Data extracted from a collection

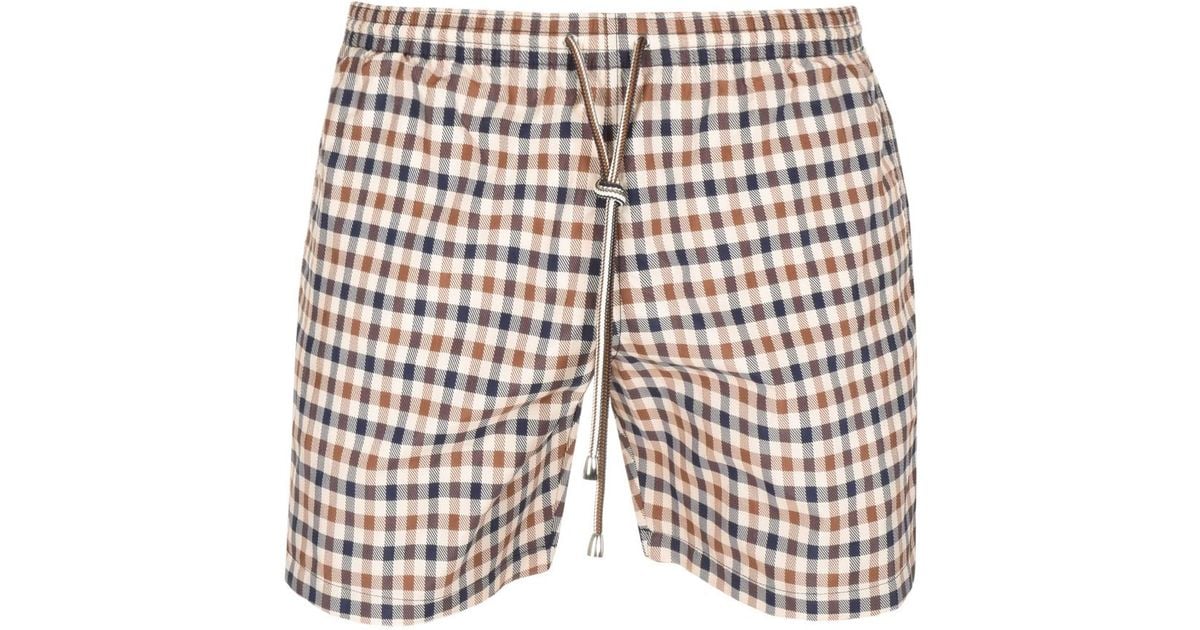 aquascutum swimming shorts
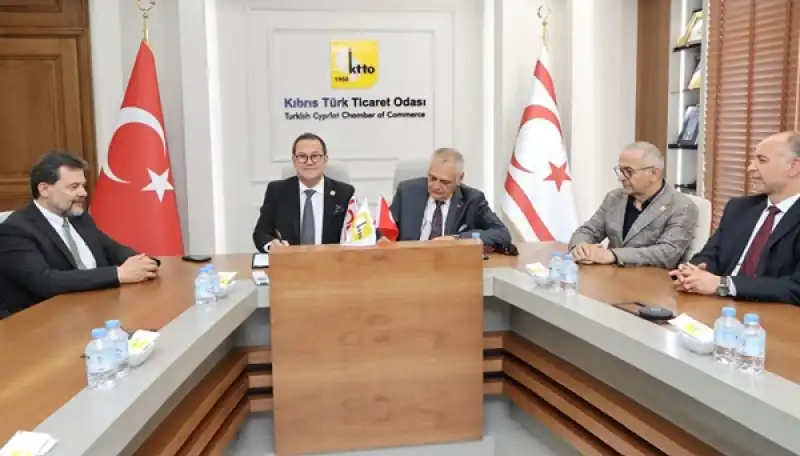Hatay TSO Ile Kıbrıs Ticaret Odası Arasında “Kardeş Oda” Protokolü İmzalandı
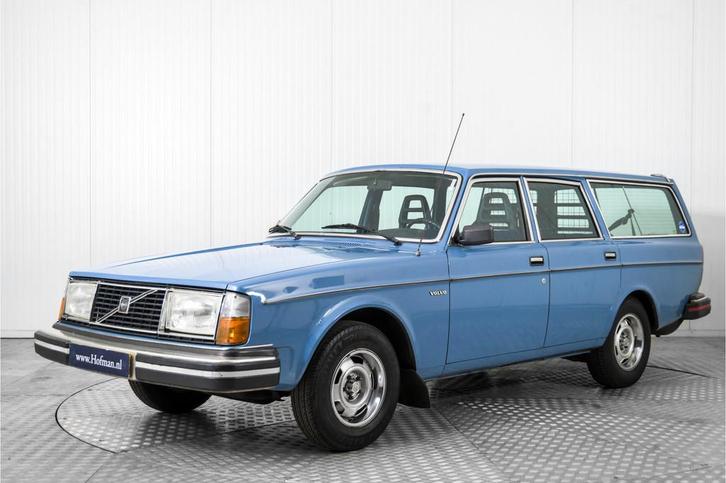 Volvo 245 2.1 GL (bj 1980), Auto's, Volvo, Bedrijf, Te koop, Overige modellen, LPG, Stationwagon, Handgeschakeld, Geïmporteerd
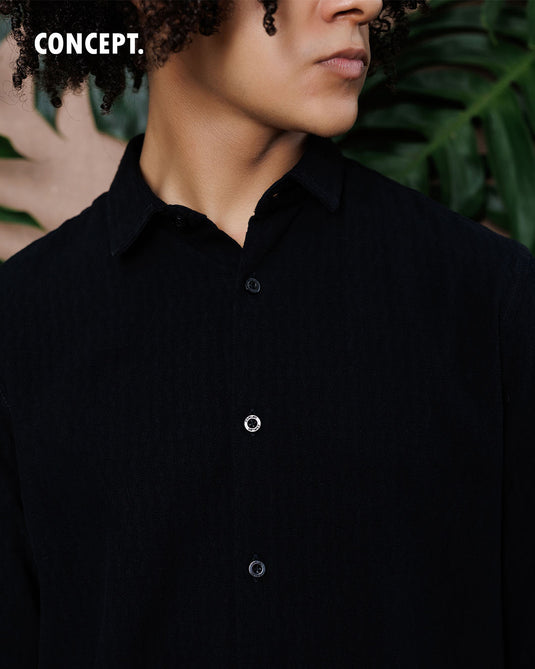 Cotton Shirt L/S Shirt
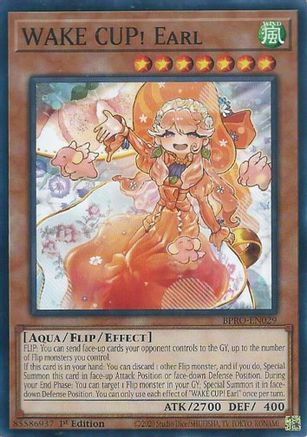 Image of WAKE CUP! Earl [BPRO-EN029] Common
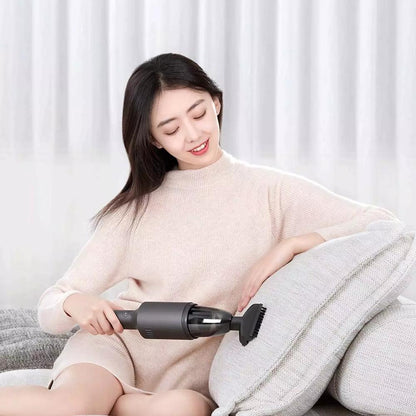 Youpin Shunzao Z1 Vacuum Cleaner Handheld Portable 7000PA Cyclone Suction Home Car Wireless Dust Catcher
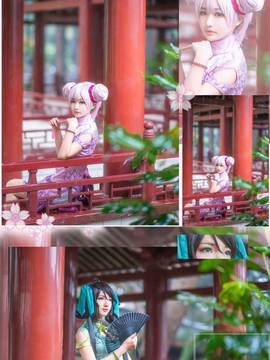 《王者荣耀》孙尚香同人旗袍 C O S P L A Y_cos正片 王者农药旗袍同人香乔 (1)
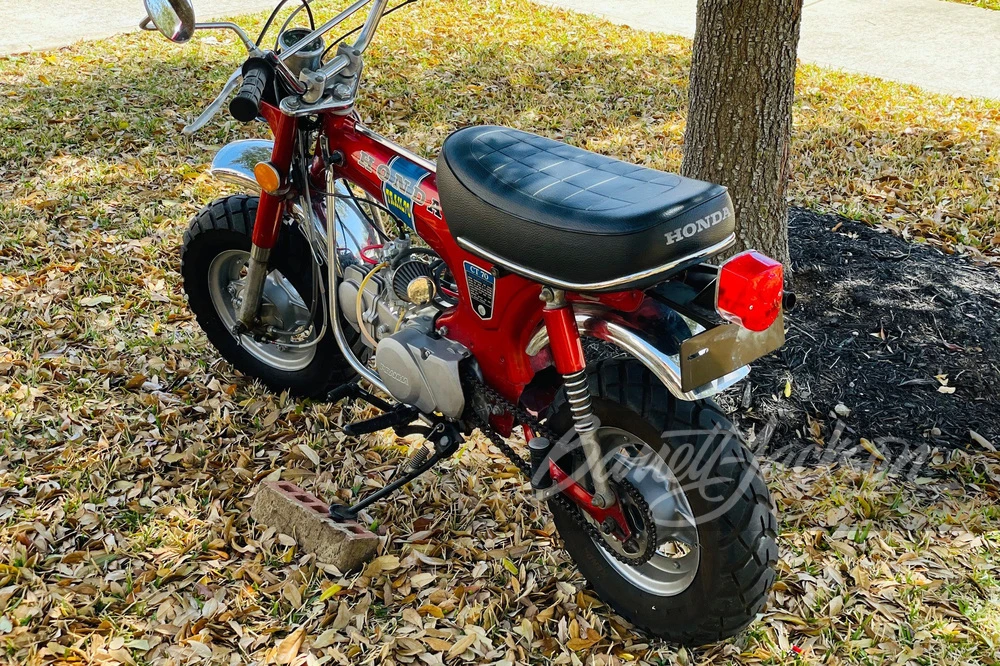 1972 Honda CT70 - Image 5 of 6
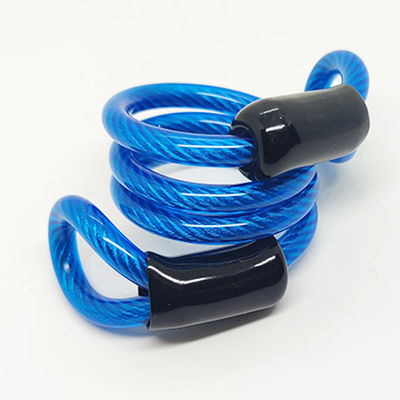 High Tensile Vinyl Coating Galvanized Cable Spring Lanyard Sling Untuk Otomotif Door Bolt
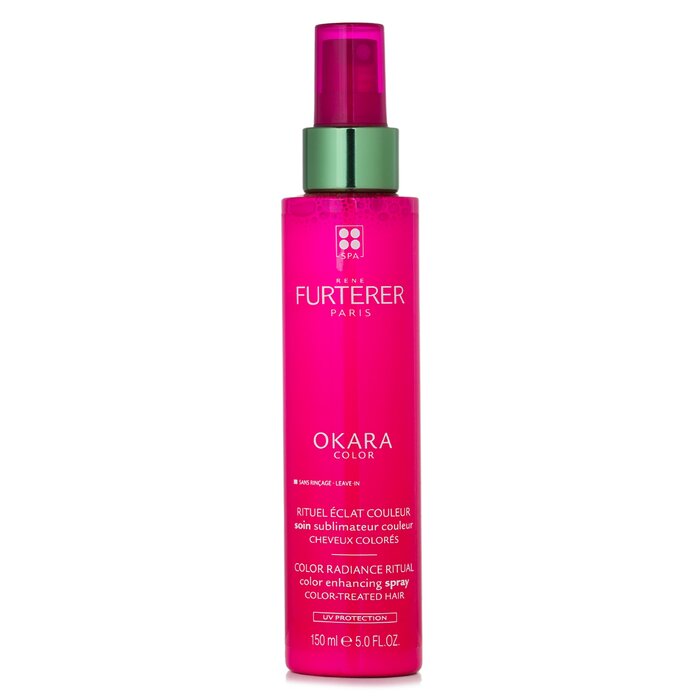 Okara Color Color Radiance Ritual Color Enhancing Spray (Color-Treated Hair) 150ml/5oz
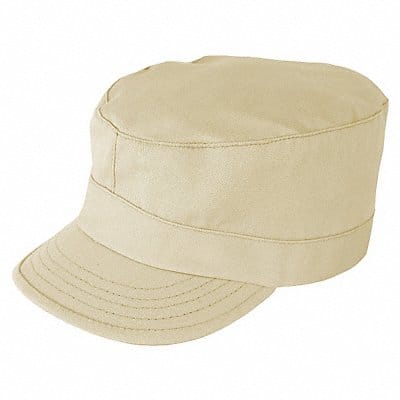 BDU Patrol Cap 60C/40P Khaki S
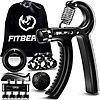 5-Piece FitBeast Forearm &amp;amp; Hand Grips Strengthener Kit (Various Colors) $5.94 + Free Shipping w/ Prime or on $35+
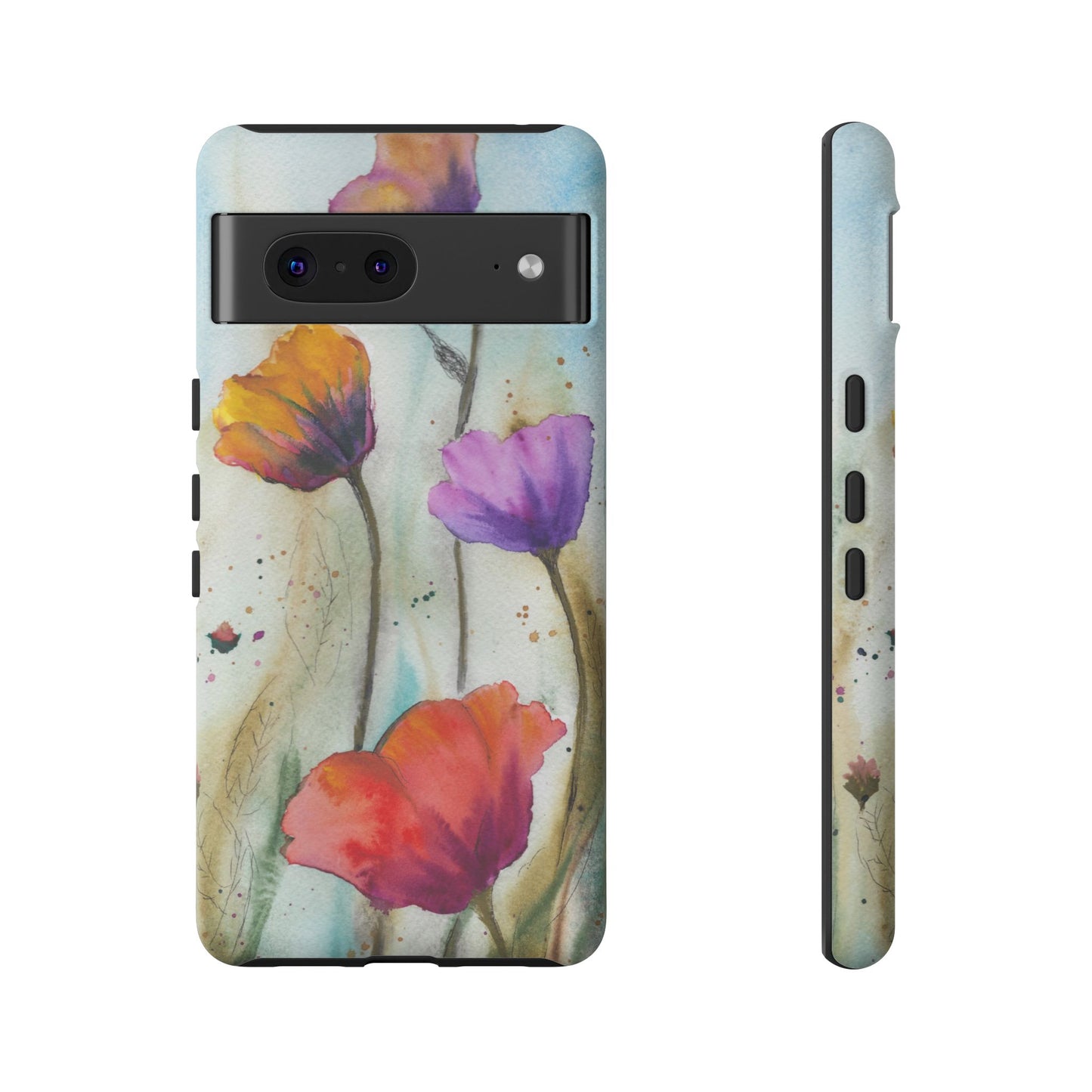 Dreamy Garden Tough Phone Case for iPhone, Samsung Galaxy, and Google Pixel devices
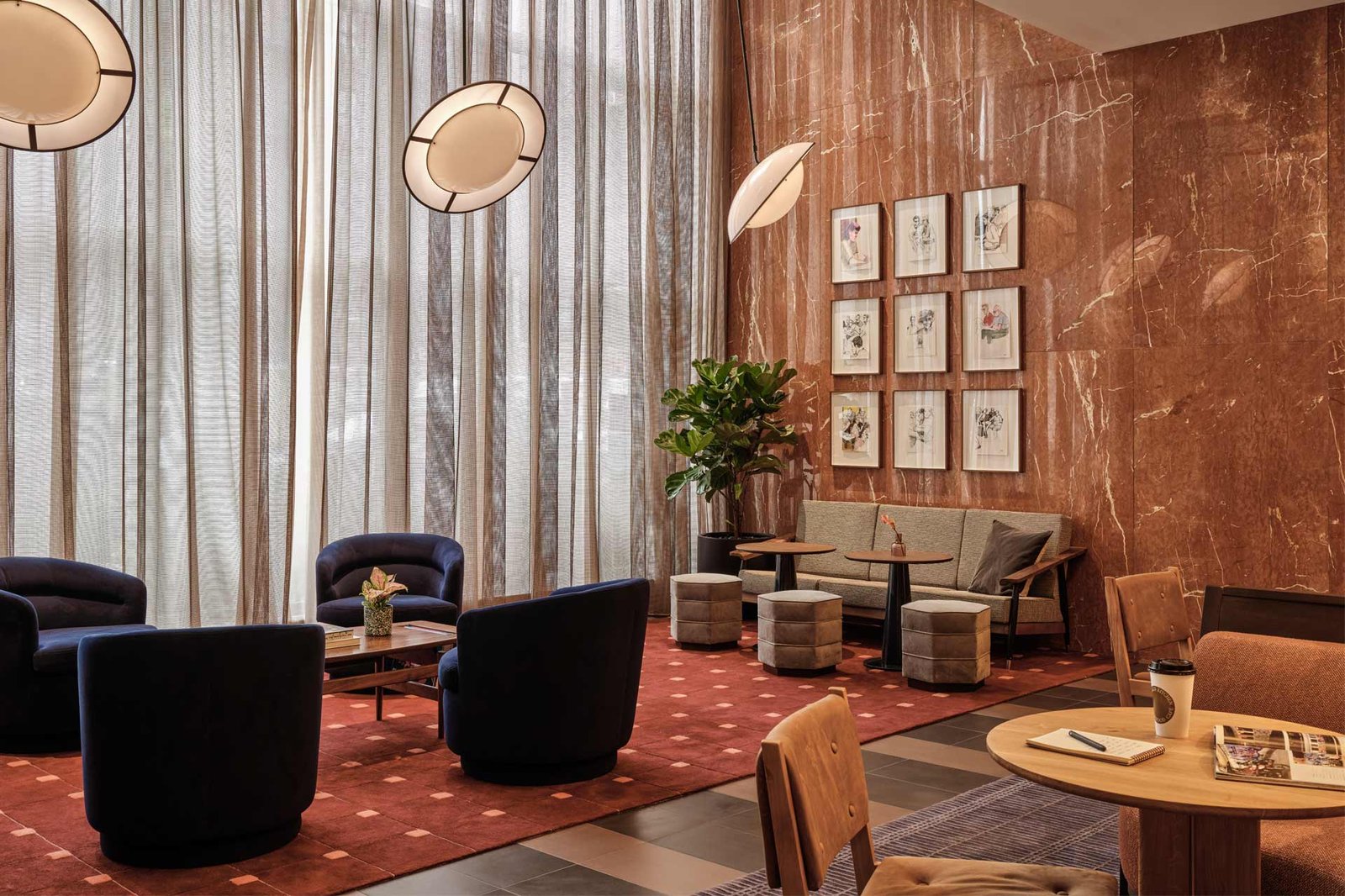 Romer Hell's Kitchen Hotel — eat & drink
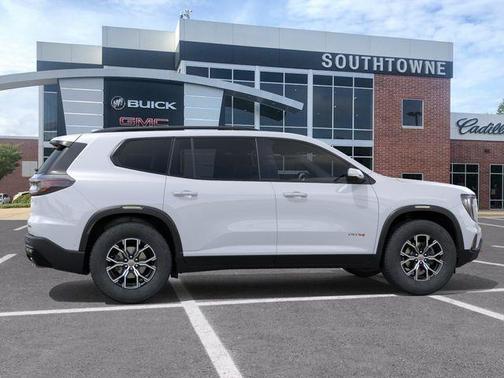 Glacier White 2026 GMC Acadia AT4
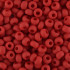 Бисер "ASMAR" размер №8, вес: 450 г, красный матовый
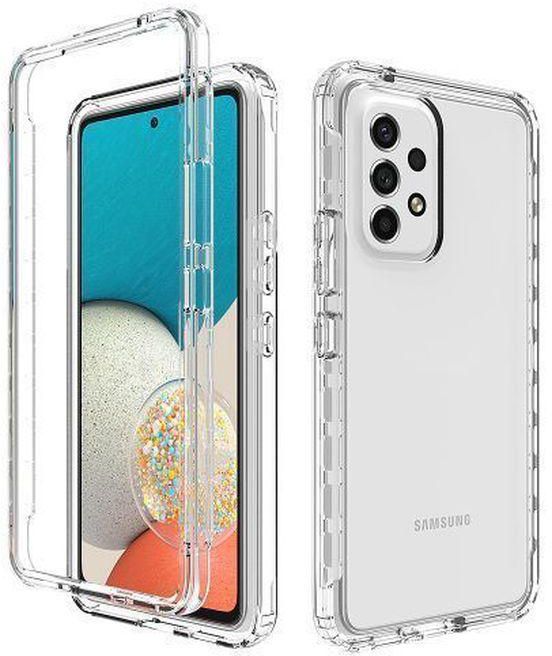 Samsung Galaxy A32 Transparent Front And Back Protective Case
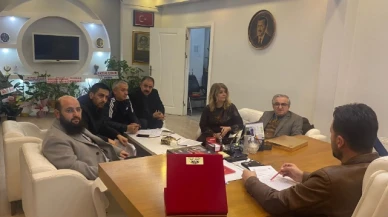 AK Parti'den yılın ilk grup toplantısı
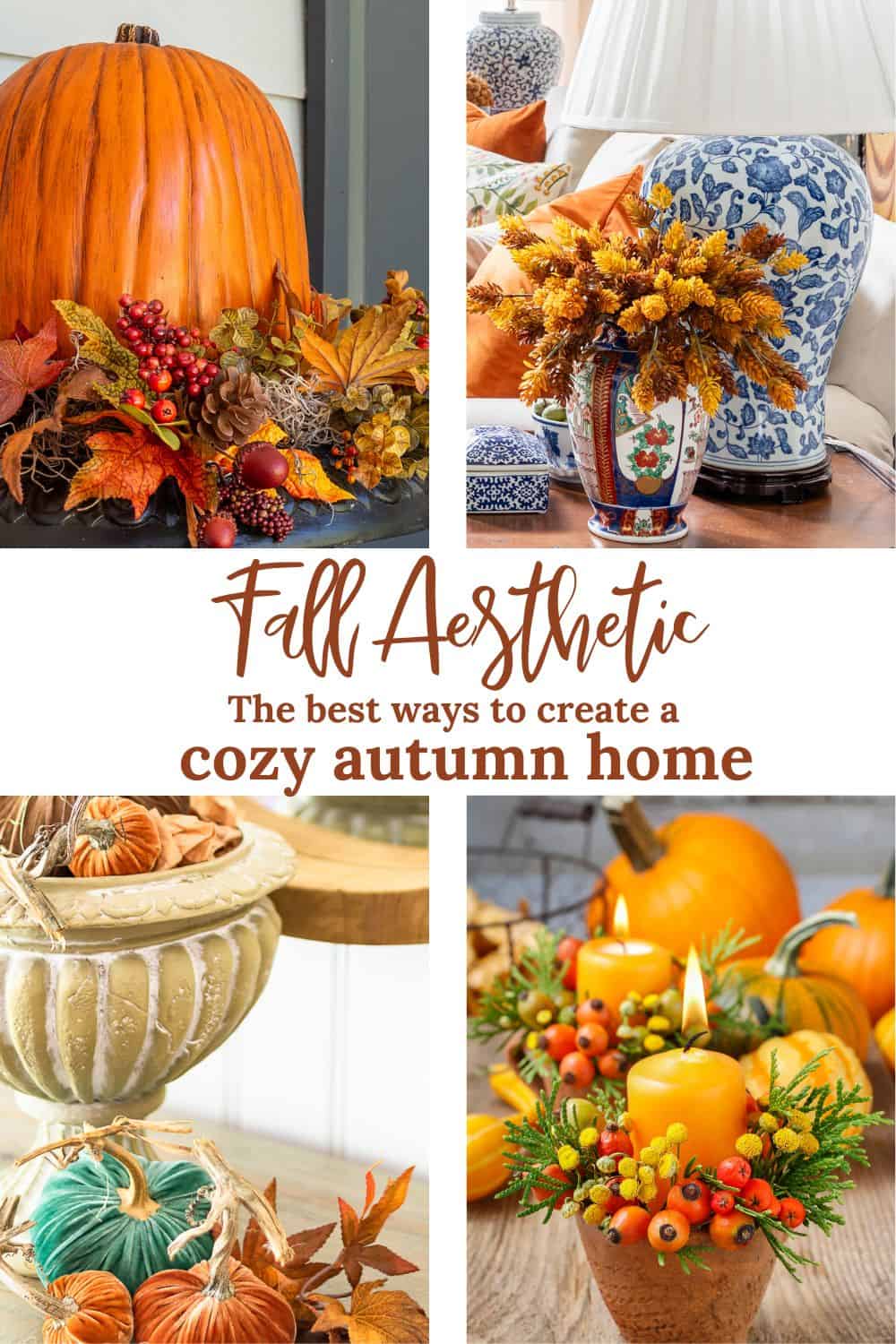 31 Fall Aesthetic Ideas to Bring the Warmth of Autumn Into Your Home -  Minimalism Made Simple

▶ _What to work on_
Nothing but the lines from the line containing "Samsung Galaxy A32" through the end of the records belongs in the answer, written out exactly, both ends included, without pictures.

▶ _Expected answer_
 Samsung Galaxy A32 Transparent Front And Back Protective Case
 AK Parti'den yılın ilk grup toplantısı
 31 Fall Aesthetic Ideas to Bring the Warmth of Autumn Into Your Home -  Minimalism Made Simple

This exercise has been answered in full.